We developed a ligand-based SAR model comprising 1121 individual target models trained with human bioactivity data retrieved from ChEMBL database using a random forest algorithm. The sampling method and parameters used for the data preprocess were carefully optimized by five-fold cross validation to maximize the recall rates for the top-rank targets. The active data of every target model were oversampled until the ratio of the number of inactive ligands to the number of active ligands was set to one. In addition, the inactive ligands similar to the active ligands with a Tc cutoff higher than 0.5 were excluded from the model-building process. Through this process, our model could overcome the imbalance between the classes or targets, and avoid ambiguity of inactive ligands. The resulting target models are available not only for predicting the activity of the ligands but for target fishing of a query ligand offering ranked target list. The performance of each target model was assessed by employing individual ROC curve and mean score, which showed its strength in distinguishing between the active and inactive ligands. The performance of the target ranking was validated using the recall rates of the top-k targets. Through the external validation, the recall rates were obtained as 67.6% for the top 1% targets and 73.9% for the top 3% targets. These results demonstrate that the performance obtained in this study is the highest, particularly for a relatively difficult test set having an average Tc similarity of 0.55 with the training set. The processes were validated using a unified scoring scheme, which was further fitted to the probability using an external dataset.

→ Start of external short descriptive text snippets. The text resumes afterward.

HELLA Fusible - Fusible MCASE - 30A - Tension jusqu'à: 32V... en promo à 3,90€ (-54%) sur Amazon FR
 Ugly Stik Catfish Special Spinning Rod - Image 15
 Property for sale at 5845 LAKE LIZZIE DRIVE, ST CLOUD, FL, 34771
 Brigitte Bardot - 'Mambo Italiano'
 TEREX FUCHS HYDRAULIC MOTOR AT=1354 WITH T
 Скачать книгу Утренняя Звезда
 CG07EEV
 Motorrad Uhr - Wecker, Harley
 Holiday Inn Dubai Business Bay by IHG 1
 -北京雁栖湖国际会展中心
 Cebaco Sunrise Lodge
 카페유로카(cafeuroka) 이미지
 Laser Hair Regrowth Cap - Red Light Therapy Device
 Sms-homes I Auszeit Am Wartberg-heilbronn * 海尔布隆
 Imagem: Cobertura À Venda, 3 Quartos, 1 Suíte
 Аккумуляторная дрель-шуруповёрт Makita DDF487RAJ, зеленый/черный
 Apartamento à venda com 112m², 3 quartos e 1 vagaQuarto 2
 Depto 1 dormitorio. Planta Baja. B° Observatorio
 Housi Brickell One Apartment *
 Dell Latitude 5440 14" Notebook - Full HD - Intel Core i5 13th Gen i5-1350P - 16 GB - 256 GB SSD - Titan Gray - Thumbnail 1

The web interface of RF-QSAR was designed to be user-friendly, offering intuitive result pages. Users can submit multiple query ligands and check the result at a time. The result page shows a ranked target list with estimated probability of interaction. Various information and cross references are provided for each target. One of the distinctive features of our site is filtering the targets in terms of their classes. Using this function, users can specify target classes to search or remove classes. Users can utilize our server for various purpose including target-fishing, ligand comparison, and profile building.